Co-operative Credit
What is co-operative credit ? Well, let us first look at the meaning of these two words. What is “credit” ? It means, literally, trust or belief : as when I say, “I do not give any credit to that rumour,” meaning, I do not believe it. It means the same thing in business. To sell “on credit” means to sell on trust-that is, not for immediate payment in cash, but on trust that payment will be made in the future. In a business sense, a man is said to “have credit” when he can be trusted to be able and willing to pay what he owes at the proper time. If you want a loan from a bank, you will not get it unless you “have credit”; the bank must be sure that you can and will repay the loan when the time to do it comes. Even then a bank will want some kind of security as well in the shape, either of property, or of the promise of another man that he will repay the loan if you do not.

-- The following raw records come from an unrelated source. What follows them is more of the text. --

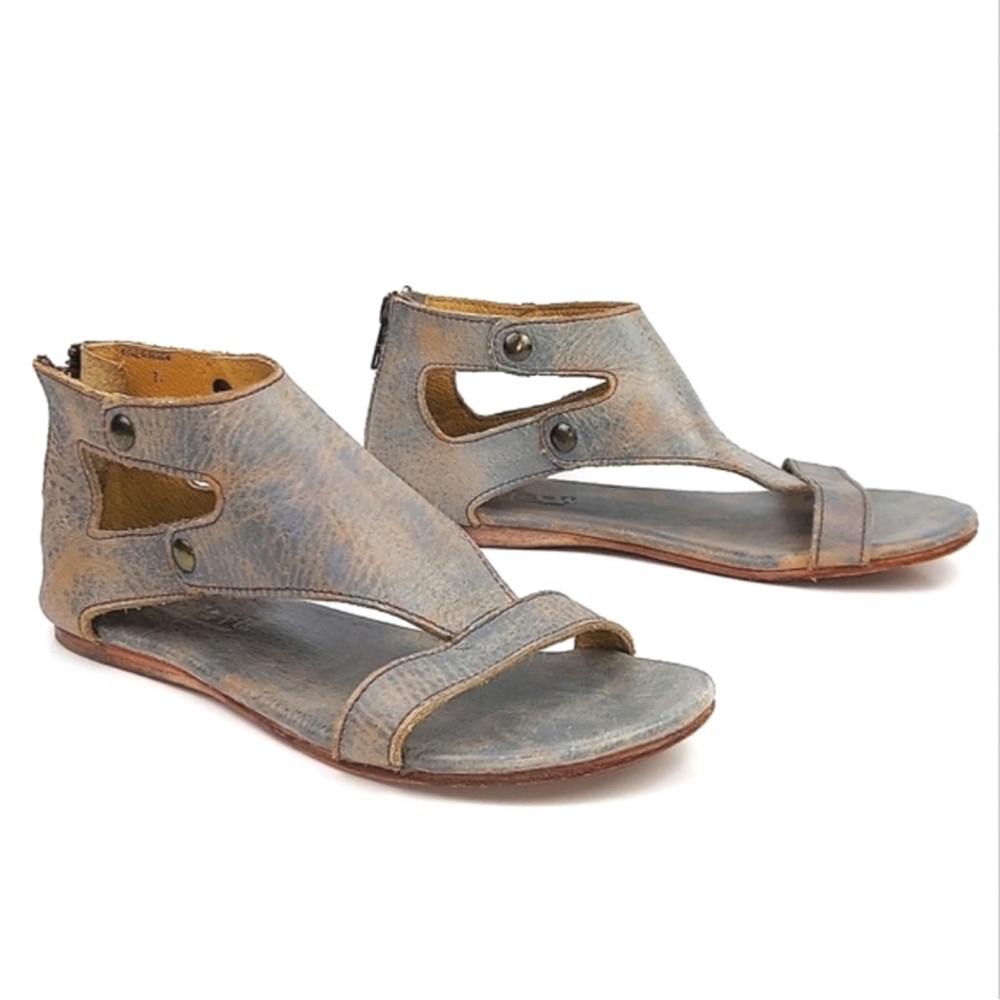 Bed Stu Soto Distressed Gray Leather Sandals Cutout Studs Size 9.5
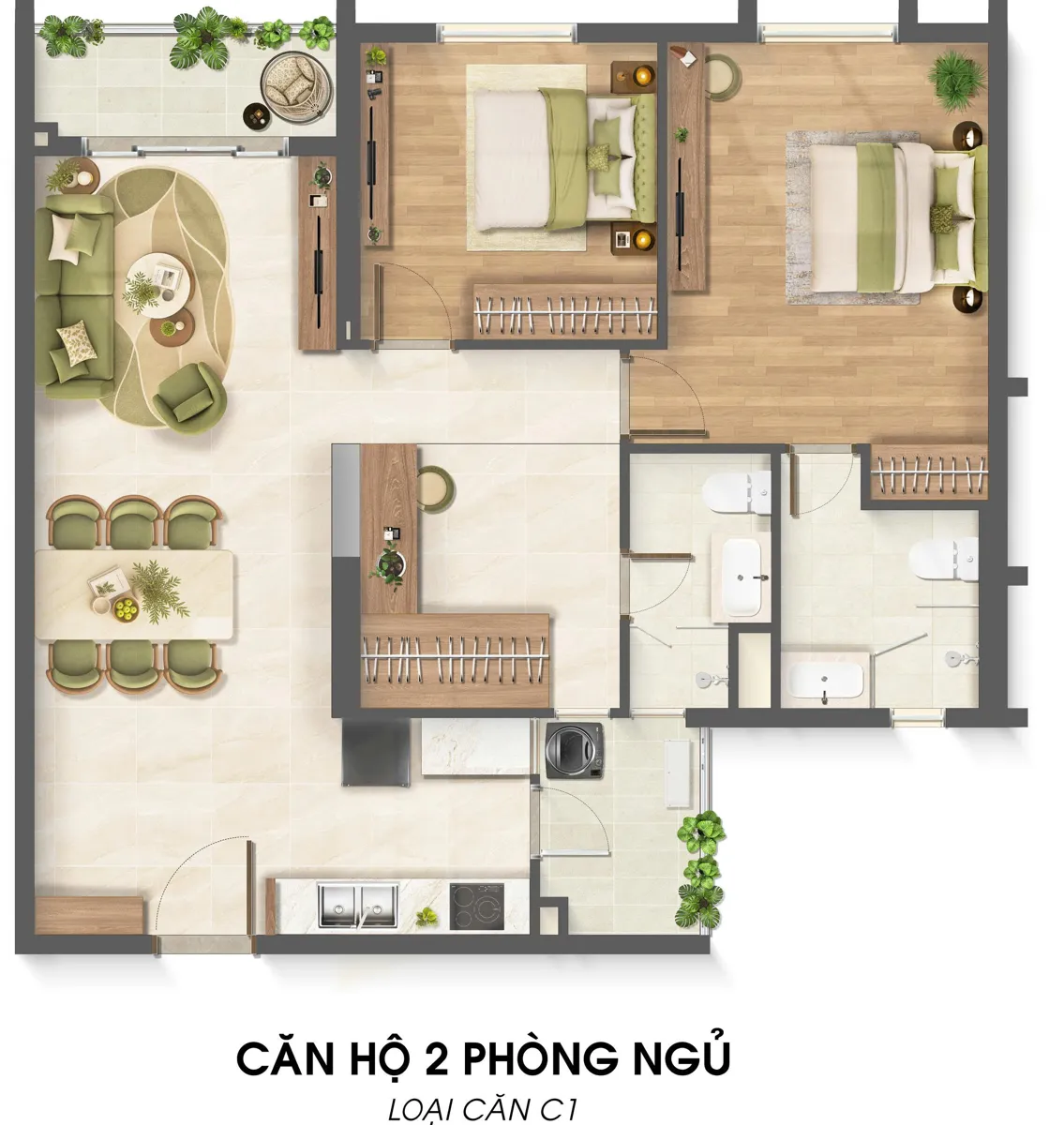 Bản vẽ layout căn hộ 2 phòng ngủ mã C1 mặt bằng Imperia Sensa Park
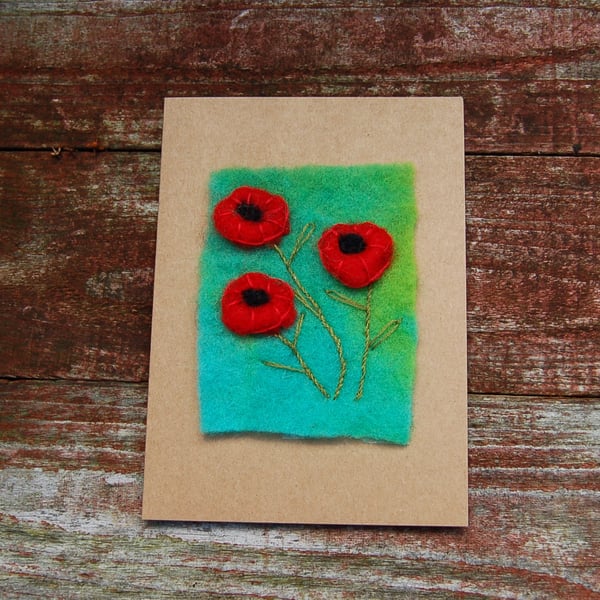 Poppies, Hand Stitched Blank Greetings card,   Needlefelt wool card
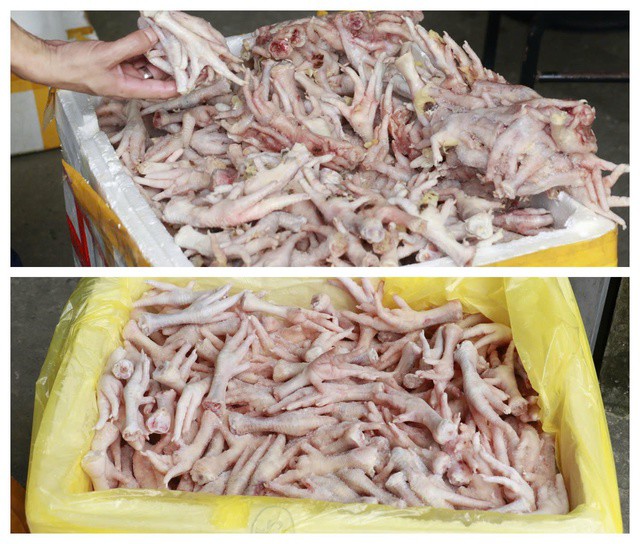 Số chân gà đông lạnh không rõ nguồn gốc bị lực lượng chức năng phát hiện.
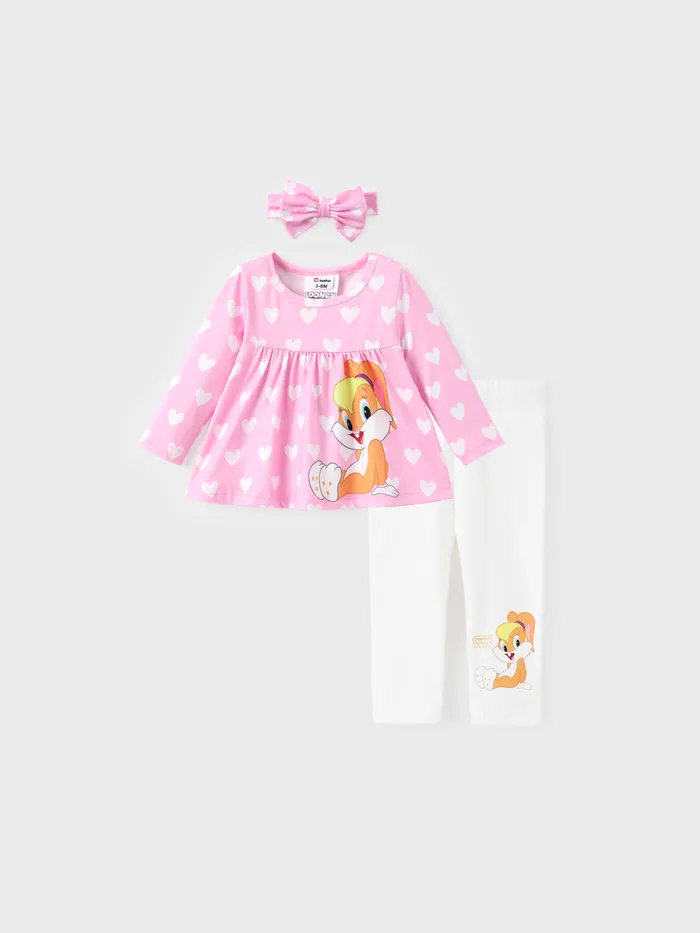 Looney Tunes Baby/Toddler Girl 3pcs Character Heart Pattern Ruffle Top e Leggings in cotone con fascia Set 
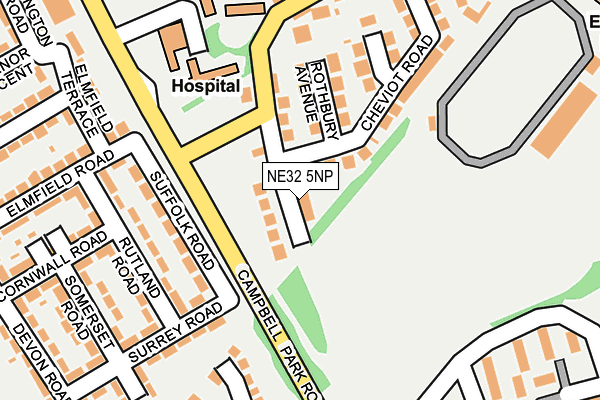 NE32 5NP map - OS OpenMap – Local (Ordnance Survey)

Now a poor farmer has not, as a rule, enough “credit” to get a loan from an ordinary bank. He may be an honest man; but he has not enough property to give the security the bank demands. The bank may know he is willing to repay the loan, but it is not sure that he will be able to pay. Here is where co-operation comes in. What is co-operation ? It simply means “working-together”. When ten men reap a field together they are “co-operating”. So a “co-operative credit society” is a mutual help society, the members of which join together to help one another.
The way they help one another in a co-operative credit society is by joining their single individual credits together, so that the united credit of the whole society may be sufficient to make it worth while for a bank to advance loans to the society. A bank will not do business with a single poor farmer; but it will do business with a united body of poor farmers. This is the principle of the co-operative credit societies which are doing so much in India to relieve Indian farmers from debt, and to supply them with capital to work their farm.
The Government passed the Co-operative Credit Societies Act in 1904. Since then, village banks or co-operative credit societies have been established all over India. Immense good has been done. The burden of agricultural indebtedness has been lifted. Old debts to money-lenders have been paid off, and much land redeemed from mortgage. And, most important of all, the people have been learning habits of thrift, punctuality, mutual self-help and hopeful industry.